> [INFORMATION SHOWN]:
######
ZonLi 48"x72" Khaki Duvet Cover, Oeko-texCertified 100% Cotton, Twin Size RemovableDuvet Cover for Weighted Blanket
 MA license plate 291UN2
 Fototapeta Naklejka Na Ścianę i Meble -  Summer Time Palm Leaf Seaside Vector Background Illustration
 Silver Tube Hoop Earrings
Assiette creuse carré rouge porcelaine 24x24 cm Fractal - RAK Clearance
######
> [TO DO]: When you answer, return the records above exactly as they stand.

> [TASK SOLUTION]:
ZonLi 48"x72" Khaki Duvet Cover, Oeko-texCertified 100% Cotton, Twin Size RemovableDuvet Cover for Weighted Blanket
 MA license plate 291UN2
 Fototapeta Naklejka Na Ścianę i Meble -  Summer Time Palm Leaf Seaside Vector Background Illustration
 Silver Tube Hoop Earrings
Assiette creuse carré rouge porcelaine 24x24 cm Fractal - RAK Clearance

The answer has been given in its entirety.